Seguiu-se um “exercício de reflexão sobre o que o menino do retrato de Júlio Pomar poderia estar a querer dizer”, por Filipe Homem Fonseca. Do olhar desta criança com sete décadas de existência, o romancista falou de uma notória “alteração na comunicação entre as pessoas”, aos dias de hoje, numa sociedade onde quem lidera faz passar os demais “por crianças”. Este “processo de infantilização em curso, para lá de Orwelliano”, atribui “significados dissociados dos significantes” e provoca um mundo em que “paz é guerra e guerra é paz”.

Estreante no Correntes d’Escritas, Francisco Mota Saraiva, confesso pessimista, revelou que sairá da Póvoa de Varzim “um pouco mais otimista” por participar ativamente neste “pedaço de cultura e humanidade que se vê pouco”. Quanto ao tema em discussão, o escritor e jurista lembrou o “receio de Júlio Pomar”, que temia tornarmo-nos “alheios, esquecermos os problemas vivos” e procurarmos “soluções formais que se sobreponham ao conteúdo”. Este “lirismo complacente” advém de uma crescente “indisponibilidade para contemplarmos a arte”, assinalou Francisco Mota Saraiva.

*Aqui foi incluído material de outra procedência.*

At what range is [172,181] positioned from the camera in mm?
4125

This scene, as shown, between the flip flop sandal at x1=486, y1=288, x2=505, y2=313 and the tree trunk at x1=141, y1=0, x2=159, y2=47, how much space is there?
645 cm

“Inspirada” pela “Refeição do Menino”, Lara Moreno contou a historia de Três mulheres na cidade, o seu mais recente romance, apresentado no Correntes d’Escritas, esta sexta-feira. A escritora espanhola entende como vital “contar a história das mulheres depois de tantos anos de silêncio e invisibilidade”. A Literatura é, em sua opinião, “assunto politico, sempre necessário”, porque as “ditaduras sempre desconfiam desta ferramenta indispensável para a empatia e para a consciência”, as derradeiras “armas de transformação e liberdade”.

O escritor Mempo Giardinelli leu o texto “Kilómetro 11”, um clássico argentino de sua autoria, que conta a história de ex-prisioneiros da ditadura e relata a natureza da vingança. Nos olhos do autor, projetam-se “uma imensidão de filmes velhos e impossíveis de esquecer”, o rancor que se torna recordação e “os gritos da tortura que se silenciam com a canção”.

Coube a Nicolau Santos a última intervenção da noite. O jornalista, escritor e poeta enalteceu “a sala lotada” para celebrar o livro e a cultura, um poderoso sinal de que “podemos ter esperança, apesar de o mundo estar muito perigoso”.